**Task:** Drop the images; return everything else in the listing below exactly.

**The data:**
##############################
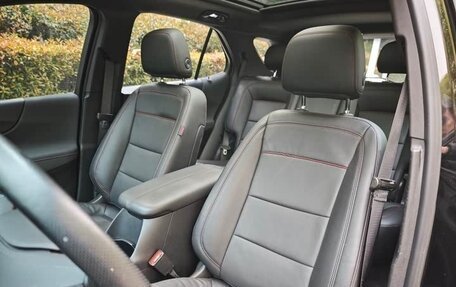Chevrolet Equinox III, 2021 год, 1 894 955 рублей, 7 фотография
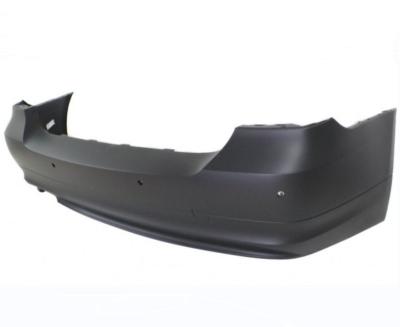 China Plastic OE 51127202707 Car Bumpers Rear Bumper For Bmw 3 E90 2008-2011 for sale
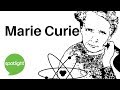 Marie Curie's Contributions and Challenges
##############################
**Written response:**
Chevrolet Equinox III, 2021 год, 1 894 955 рублей, 7 фотография
 China Plastic OE 51127202707 Car Bumpers Rear Bumper For Bmw 3 E90 2008-2011 for sale
 Marie Curie's Contributions and Challenges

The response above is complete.